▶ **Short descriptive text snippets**
[Start of Attachment]

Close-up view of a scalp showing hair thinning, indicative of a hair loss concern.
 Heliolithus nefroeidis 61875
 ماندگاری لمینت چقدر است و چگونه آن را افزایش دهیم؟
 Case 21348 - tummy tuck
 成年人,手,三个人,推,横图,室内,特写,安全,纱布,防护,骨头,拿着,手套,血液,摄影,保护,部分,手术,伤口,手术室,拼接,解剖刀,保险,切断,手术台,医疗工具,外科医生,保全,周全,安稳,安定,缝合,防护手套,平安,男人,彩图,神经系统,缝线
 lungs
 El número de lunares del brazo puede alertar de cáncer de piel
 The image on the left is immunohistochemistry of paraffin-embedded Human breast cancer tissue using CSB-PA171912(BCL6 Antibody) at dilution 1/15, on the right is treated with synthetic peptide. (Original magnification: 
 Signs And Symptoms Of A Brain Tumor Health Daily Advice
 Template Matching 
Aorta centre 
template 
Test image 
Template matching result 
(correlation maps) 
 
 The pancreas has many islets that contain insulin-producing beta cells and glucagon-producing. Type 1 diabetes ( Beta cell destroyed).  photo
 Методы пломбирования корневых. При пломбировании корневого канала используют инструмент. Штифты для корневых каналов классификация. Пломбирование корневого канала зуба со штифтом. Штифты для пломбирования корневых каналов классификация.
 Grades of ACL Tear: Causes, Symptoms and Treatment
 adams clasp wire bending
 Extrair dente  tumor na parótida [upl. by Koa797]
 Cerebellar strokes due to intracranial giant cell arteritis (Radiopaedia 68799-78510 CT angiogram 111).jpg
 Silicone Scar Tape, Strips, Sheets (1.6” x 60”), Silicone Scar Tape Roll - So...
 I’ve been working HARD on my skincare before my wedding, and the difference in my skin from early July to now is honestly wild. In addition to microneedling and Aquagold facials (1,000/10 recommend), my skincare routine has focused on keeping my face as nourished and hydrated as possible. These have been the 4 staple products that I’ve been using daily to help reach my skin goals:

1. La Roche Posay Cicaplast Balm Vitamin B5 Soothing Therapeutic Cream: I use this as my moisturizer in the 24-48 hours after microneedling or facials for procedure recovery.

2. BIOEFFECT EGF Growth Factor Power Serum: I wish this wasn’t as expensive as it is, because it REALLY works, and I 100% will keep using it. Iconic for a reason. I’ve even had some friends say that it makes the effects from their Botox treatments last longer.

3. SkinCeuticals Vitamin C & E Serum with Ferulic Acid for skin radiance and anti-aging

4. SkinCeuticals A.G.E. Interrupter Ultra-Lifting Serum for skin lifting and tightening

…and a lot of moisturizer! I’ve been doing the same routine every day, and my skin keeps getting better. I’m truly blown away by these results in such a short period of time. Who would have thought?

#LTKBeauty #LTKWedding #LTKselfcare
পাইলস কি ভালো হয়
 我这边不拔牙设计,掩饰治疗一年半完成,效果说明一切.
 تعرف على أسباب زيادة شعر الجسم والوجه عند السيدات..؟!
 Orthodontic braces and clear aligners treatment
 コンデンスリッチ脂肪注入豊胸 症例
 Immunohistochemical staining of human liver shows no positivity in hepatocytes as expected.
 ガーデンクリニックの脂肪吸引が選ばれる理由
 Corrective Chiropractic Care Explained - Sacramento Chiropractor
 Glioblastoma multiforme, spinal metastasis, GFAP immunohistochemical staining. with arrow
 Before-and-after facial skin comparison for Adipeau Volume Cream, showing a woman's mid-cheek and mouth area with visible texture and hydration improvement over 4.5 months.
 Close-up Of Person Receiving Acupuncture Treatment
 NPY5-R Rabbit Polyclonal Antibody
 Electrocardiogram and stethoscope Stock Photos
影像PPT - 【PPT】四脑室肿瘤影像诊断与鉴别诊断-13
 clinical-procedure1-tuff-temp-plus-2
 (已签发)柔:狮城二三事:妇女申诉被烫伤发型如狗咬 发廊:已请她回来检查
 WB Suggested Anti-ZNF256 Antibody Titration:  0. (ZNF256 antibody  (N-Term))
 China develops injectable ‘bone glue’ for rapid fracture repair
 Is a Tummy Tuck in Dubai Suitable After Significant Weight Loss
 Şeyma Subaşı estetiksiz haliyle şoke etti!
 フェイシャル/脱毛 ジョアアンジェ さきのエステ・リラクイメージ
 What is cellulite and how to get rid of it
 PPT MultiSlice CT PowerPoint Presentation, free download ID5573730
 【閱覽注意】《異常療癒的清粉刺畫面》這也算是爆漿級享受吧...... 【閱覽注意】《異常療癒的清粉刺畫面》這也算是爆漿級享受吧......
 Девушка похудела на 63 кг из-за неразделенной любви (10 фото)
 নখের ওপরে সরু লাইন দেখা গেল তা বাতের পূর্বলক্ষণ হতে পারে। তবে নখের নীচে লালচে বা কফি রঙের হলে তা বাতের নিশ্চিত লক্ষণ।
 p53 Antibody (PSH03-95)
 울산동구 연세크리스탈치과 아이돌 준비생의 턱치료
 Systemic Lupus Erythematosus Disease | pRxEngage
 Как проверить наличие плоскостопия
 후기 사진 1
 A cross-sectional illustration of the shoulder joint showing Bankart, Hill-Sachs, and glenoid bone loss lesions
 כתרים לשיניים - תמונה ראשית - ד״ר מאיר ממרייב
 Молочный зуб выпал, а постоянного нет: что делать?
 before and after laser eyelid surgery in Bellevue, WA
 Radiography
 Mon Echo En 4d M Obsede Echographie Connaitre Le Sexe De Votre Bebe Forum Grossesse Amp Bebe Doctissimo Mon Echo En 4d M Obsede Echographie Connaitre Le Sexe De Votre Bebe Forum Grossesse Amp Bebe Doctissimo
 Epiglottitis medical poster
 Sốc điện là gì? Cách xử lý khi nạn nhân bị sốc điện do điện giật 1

[End of Attachment]

▶ **DESCRIPTION OF THE TASK**
Go line by line through the records above and copy each one containing "have".

▶ **EXERCISE RESULT**
 I’ve been working HARD on my skincare before my wedding, and the difference in my skin from early July to now is honestly wild. In addition to microneedling and Aquagold facials (1,000/10 recommend), my skincare routine has focused on keeping my face as nourished and hydrated as possible. These have been the 4 staple products that I’ve been using daily to help reach my skin goals:
…and a lot of moisturizer! I’ve been doing the same routine every day, and my skin keeps getting better. I’m truly blown away by these results in such a short period of time. Who would have thought?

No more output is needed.